▶ [WHAT THE EXERCISE ASKS]: Your task is to output the listing exactly, leaving every image out.

▶ [THE DATA]:
-- Opening Marker --

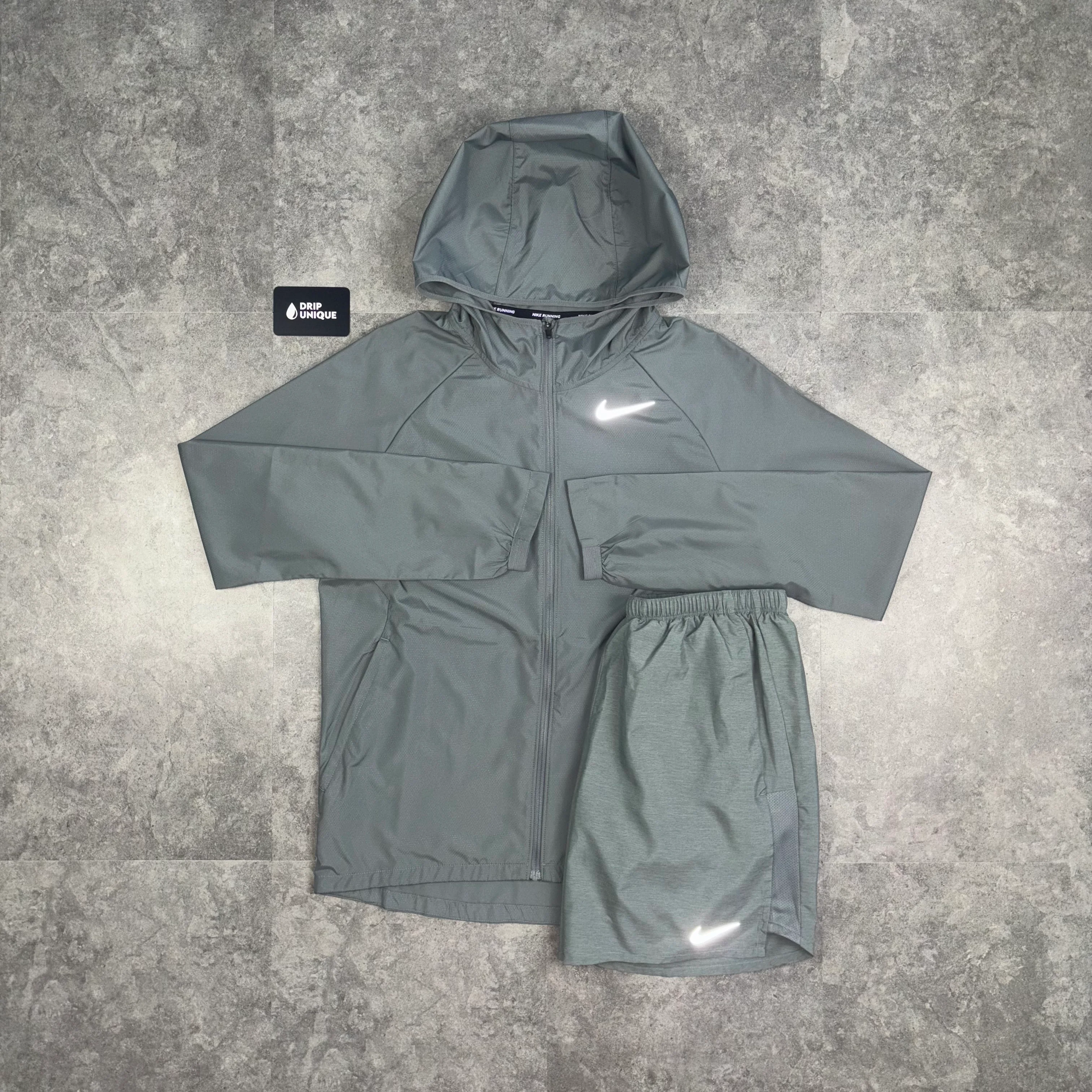 NK Essential Windrunner Jacket Grey & Grey Challenger Shorts Set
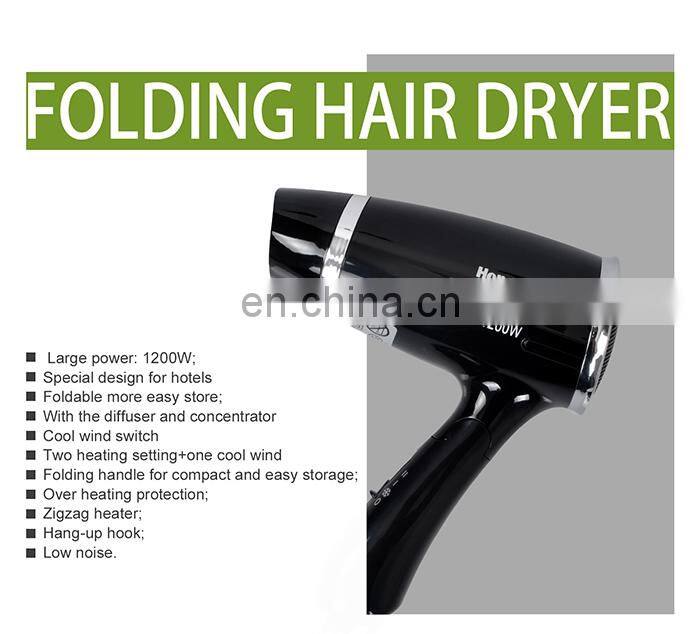 Honeyson hotel 1200W black plastic material hot and cold hair dryer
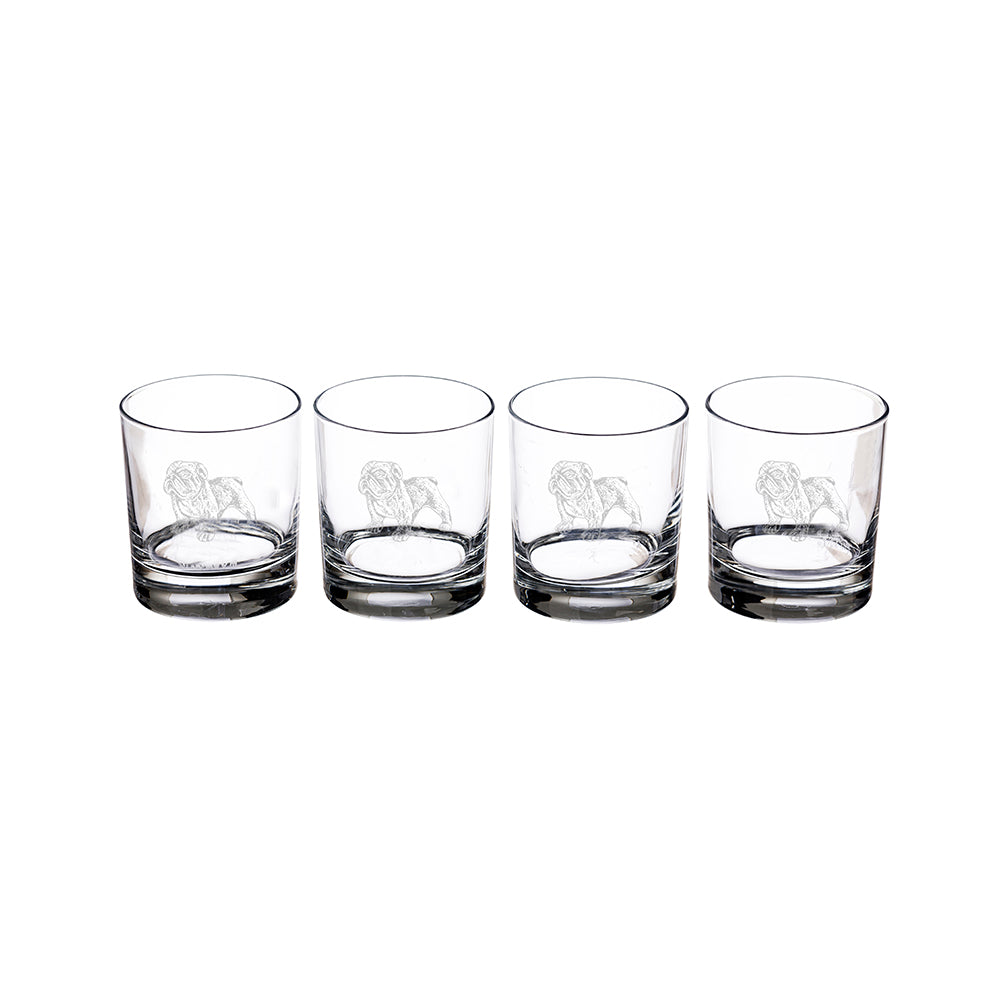 Set of four Selbrae House glass tumblers featuring elegant etched design for stylish drinks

-- Closing Marker --

▶ [ANSWER SPACE]:
 NK Essential Windrunner Jacket Grey & Grey Challenger Shorts Set
 Honeyson hotel 1200W black plastic material hot and cold hair dryer
 Set of four Selbrae House glass tumblers featuring elegant etched design for stylish drinks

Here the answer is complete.